Ticketmaster confirmed in a federal filing Friday that the company was investigating a data breach that may have impacted more than 500 million customers.
Live Nation Entertainment, the parent company of Ticketmaster, wrote in a filing to the Securities and Exchange Commission (SEC), that it had found “unauthorized activity within a third-party cloud database environment.”
Here’s what you need to know about the breach:
Hacking group ShinyHunters claims responsibility
ShinyHunters, who claimed the breach, is a hacker group believed to have been formed around 2020.
Brett Callow, a threat analyst with the cybersecurity company Emsisoft, said the organization is a “credible threat actor,” but not a lot is known about the group, The New York Times reported.
Other victims of the group’s threats in the past have included Microsoft and AT&T, among other companies in the U.S. and worldwide, federal prosecutors said, according to the Times.
CyberDaily, an Australian-based tech outlet first reported the breach and said the hackers are asking for $500,000 for the stolen information from customers.
Callow told the Times that the group said it had information from 560 million Ticketmaster customers, including credit card numbers and ticket sales.
Live Nation confirms breach
News about the breach began circulating earlier this week. At that point, Ticketmaster had yet to publicly acknowledge the data leak.

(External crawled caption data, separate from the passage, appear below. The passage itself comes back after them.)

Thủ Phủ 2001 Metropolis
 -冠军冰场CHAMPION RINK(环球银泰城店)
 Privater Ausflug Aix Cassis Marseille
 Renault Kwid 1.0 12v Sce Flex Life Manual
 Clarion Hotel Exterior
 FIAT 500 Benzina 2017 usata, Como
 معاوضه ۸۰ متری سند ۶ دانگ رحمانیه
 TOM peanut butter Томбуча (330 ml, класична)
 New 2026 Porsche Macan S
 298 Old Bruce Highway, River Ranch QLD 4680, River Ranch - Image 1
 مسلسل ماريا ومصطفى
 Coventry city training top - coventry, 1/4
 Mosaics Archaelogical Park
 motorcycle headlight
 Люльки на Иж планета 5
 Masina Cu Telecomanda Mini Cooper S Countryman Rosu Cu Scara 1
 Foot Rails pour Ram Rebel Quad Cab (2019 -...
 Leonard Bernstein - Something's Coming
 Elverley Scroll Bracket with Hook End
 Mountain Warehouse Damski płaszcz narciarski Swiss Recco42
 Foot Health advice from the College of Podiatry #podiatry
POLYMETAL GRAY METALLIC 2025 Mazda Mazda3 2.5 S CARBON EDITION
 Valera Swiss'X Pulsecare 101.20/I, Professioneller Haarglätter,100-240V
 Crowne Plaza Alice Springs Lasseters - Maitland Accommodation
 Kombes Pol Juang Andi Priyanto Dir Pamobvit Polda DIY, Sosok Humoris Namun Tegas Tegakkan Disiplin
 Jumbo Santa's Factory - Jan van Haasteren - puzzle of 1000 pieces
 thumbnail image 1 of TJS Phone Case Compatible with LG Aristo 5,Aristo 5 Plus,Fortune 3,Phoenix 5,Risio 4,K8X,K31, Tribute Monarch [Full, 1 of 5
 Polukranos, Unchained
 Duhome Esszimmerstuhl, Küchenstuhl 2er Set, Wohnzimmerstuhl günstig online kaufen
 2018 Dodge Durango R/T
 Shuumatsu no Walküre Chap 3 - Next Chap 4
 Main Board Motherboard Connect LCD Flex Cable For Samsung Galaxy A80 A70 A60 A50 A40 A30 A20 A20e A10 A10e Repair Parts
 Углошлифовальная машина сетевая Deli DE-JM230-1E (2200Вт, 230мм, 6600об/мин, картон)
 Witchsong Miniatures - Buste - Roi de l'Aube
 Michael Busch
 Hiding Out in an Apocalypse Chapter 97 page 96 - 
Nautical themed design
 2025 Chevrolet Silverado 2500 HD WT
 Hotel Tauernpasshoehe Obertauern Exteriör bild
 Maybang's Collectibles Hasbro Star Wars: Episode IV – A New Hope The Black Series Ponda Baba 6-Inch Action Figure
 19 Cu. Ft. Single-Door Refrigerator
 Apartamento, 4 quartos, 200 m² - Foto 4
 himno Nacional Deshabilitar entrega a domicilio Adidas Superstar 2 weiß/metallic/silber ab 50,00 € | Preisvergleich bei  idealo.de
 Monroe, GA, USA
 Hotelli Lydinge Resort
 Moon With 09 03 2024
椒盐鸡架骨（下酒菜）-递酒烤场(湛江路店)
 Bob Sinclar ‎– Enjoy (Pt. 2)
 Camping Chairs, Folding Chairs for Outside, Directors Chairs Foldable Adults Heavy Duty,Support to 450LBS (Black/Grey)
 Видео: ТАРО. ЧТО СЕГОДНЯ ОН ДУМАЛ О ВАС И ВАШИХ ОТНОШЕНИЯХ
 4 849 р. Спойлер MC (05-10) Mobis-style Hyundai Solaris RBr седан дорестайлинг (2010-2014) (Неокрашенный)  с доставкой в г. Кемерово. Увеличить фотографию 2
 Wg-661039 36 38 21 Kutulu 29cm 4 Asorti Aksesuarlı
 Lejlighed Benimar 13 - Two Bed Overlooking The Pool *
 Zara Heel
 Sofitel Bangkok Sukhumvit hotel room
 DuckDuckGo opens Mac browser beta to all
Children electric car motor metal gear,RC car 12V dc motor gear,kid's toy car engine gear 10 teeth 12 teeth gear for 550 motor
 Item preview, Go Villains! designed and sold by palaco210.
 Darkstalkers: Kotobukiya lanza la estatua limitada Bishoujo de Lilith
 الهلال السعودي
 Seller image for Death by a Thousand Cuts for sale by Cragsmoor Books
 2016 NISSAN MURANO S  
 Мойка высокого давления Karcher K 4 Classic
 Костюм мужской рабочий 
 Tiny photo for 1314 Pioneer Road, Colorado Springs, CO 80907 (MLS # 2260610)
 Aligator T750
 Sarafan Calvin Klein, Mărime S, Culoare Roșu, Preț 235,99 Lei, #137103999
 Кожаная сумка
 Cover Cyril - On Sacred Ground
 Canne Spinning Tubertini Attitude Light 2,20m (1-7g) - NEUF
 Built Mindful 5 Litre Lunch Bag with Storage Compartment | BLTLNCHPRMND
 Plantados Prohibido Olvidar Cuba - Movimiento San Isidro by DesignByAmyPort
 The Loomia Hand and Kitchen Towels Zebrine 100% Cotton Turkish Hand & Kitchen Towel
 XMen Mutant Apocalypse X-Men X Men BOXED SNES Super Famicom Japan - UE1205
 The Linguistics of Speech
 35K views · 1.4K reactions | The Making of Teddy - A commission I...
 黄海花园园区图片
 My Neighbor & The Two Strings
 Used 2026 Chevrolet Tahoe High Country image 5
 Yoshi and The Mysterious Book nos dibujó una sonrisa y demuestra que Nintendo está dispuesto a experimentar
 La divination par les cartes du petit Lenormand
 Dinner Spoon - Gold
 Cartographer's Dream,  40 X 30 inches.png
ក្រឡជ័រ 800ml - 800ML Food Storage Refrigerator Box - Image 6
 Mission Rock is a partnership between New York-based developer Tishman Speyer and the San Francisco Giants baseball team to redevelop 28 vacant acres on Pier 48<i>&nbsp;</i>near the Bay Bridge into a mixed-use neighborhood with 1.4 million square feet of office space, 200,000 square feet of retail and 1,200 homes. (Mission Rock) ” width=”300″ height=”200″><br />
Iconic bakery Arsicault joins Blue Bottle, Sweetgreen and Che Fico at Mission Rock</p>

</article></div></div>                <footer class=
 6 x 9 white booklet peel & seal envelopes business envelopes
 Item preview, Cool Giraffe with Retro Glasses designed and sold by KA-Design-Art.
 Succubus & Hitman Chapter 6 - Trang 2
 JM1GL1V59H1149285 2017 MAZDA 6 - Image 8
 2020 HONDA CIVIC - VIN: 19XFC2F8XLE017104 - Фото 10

In the Friday filing, the company said it noticed the unauthorized activity on May 20. Live Nation officials said they are working to mitigate risk for users and is working with law enforcement.
“As appropriate, we are also notifying regulatory authorities and users with respect to unauthorized access to personal information,” the filing reads.
The company said it doesn’t expect the breach to affect its business operations or finances.
How users can protect themselves
Joseph Steinberg, a cybersecurity expert, told CBS MoneyWatch that there are a lot of records missing and it “sounds really bad.”
Still, he said, looking at the raw data, “there’s probably a lot less than it sounds like.”
Steinberg noted that “we sometimes get impressed by numbers, but what matters much more is the quality of the data and what it means.”
Callow told the Times that for now, it doesn’t appear that user’s passwords have been compromised. He did say users should change their password for their Ticketmaster account regardless.
Steinberg told CBS that Ticketmaster account holders should be cautious about clicking on links that offer them concert tickets.
“You have to internalize the fact that you are a target,” he said.
Dean Drako, a security expert, also told CBS that users should also monitor their bank accounts for unusual behavior and initiate fraud alerts.
Live Nation, Ticketmaster lawsuits
The Live Nation filing comes just after the Department of Justice and 30 state and district attorneys general accused the company, and its subsidiary Ticketmaster, of monopolizing the live industry and harming artists and fans.
The antitrust lawsuit alleges that the company engaged in many forms of “anticompetitive conduct” like acquiring competitors and working against venues that work with competitors.
The company has also acquired amphitheaters, festivals, other venues, fellow promoters and small ticketers to monopolize the market against its rivals, the lawsuit said.
The efforts to crack down on the company began after Taylor Swift’s fans filed a class-action lawsuit after there were widespread issues trying to access tickets in a pre-sale event for her Era’s tour.